Project Note

Gehry. Luxury, lions and French administration - Louis Vuitton Foundation

In the spring of 2005, businessman François Pinault, unhappy with countless delays and a certain reluctance on the part of the local administration, gave up in the spring of 2005 on the construction of his foundation on Seguin Island in south-west Paris, a project he had started five years earlier and entrusted to Tadao Ando after an international competition. The whole operation was to be transferred, architect and all, to Venice, where the French magnate had bought the Palazzo Grassi on the Grand Canal for €29 million. By the end of the same year, after a rapid renovation, the building was ready to house his impressive personal collection of more than 2,000 contemporary artworks. The loss of this private collection to the Italians provoked intense debate and the local mayor of Boulogne-Billancourt, under whose legal authority the French project was placed, was accused of being the main culprit.

A few years later, the same fate seemed to be suffered by the Louis Vuitton Foundation, created at the initiative of the chairman of the luxury conglomerate LVMH1, Bernard Arnault, when in January 2011, the court annulled the building permit for his new cultural institution, already on the building site. The building on the border between the Jardin d'Acclimatation and the Bois de Boulogne was already half-finished, but this time the legislature intervened firmly. On February 15, at 10:30 pm and at the end of an arduous discussion on the regulation of e-books, in less than 3 minutes, an amendment unrelated to the law under debate was introduced and voted on, declaring the Louis Vuitton Foundation to be a cultural institution of public interest. Despite the denunciation of political interventionism in the legal field, the construction site of the new edifice was unblocked and it opened its doors to the general public on October 27, 2014. Apart from the denouement of a long administrative-legislative drama, this date reveals not only a large-scale private art collection, but also a highly ambitious architectural project. The commission for the building was given directly to Canadian-American architect Frank Gehry after Bernard Arnault visited the Guggenheim Museum in Bilbao in 2001. With an initial budget estimated at 143 million dollars (now considerably revised, but confidential), the architect was asked to create an emblematic project capable of encompassing the LVMH group's cultural ambitions while respecting the strict criteria imposed by the administration to approve the site on historic land.

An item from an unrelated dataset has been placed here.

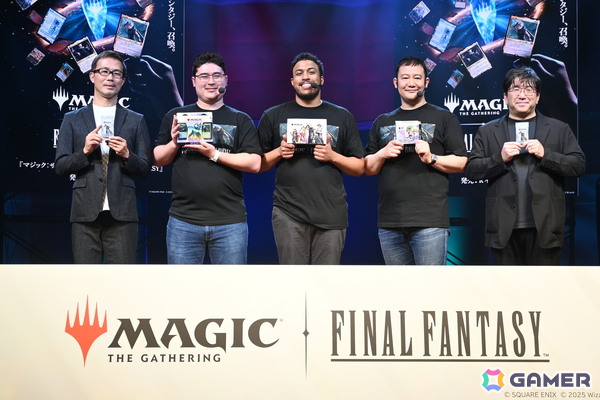 「マジック：ザ・ギャザリング――FINAL FANTASY」発売PRイベントをレポート！板鼻氏や松田氏がアートに込めた想いを語るの画像26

The story of the site begins in the 19th century, when Napoleon III initiated the transformation of the former royal hunting grounds, the Bois de Boulogne, into a large landscape park under the guidance of the famous engineer-architect Jean-Charles Alphand2 and landscape architect Jean-Pierre Barillet-Deschamps. The basic principles of the project are inspired by the English garden model: a picturesque aesthetic, emphasizing an imagery of wild nature, criss-crossed by winding paths, rocky areas punctuated by grottoes and numerous belvederes. In 1860, the zoologist Isidore Geoffroy Saint-Hilaire transformed 19 hectares of the northern part of the site into the Jardin d'Acclimatation, a zoo halfway between a recreational area and a scientific research institution. But the fauna disappeared completely in the mid-20th century. The reason seems to have been the first contact with the world of luxury brands: Jean-Pierre Bardely recounts that in 1952, Marcel Boussac, the owner of Dior, lived near the site. Awakened every night by the lions' roars, he would have decided to buy the institution in order to get rid of the animals. In the 1980s, his entire consortium was bought by LVMH, which also inherited the land on which the Jardin d'Acclimatation stood. With the start of studies for the Louis Vuitton Foundation in 2005, the local government approved the amendment to the local urban development plan (subsequently challenged in 2011) to allow the building to be erected on land that was considered unbuildable, even though it was on the site of a former bowling center. However, the authorities require the new building to have the same number of storeys (ground floor+1), but without a height restriction. Although the budget is permissive, due to the huge funds available to the client, for the architect, the project had to navigate this highly complex context from the outset.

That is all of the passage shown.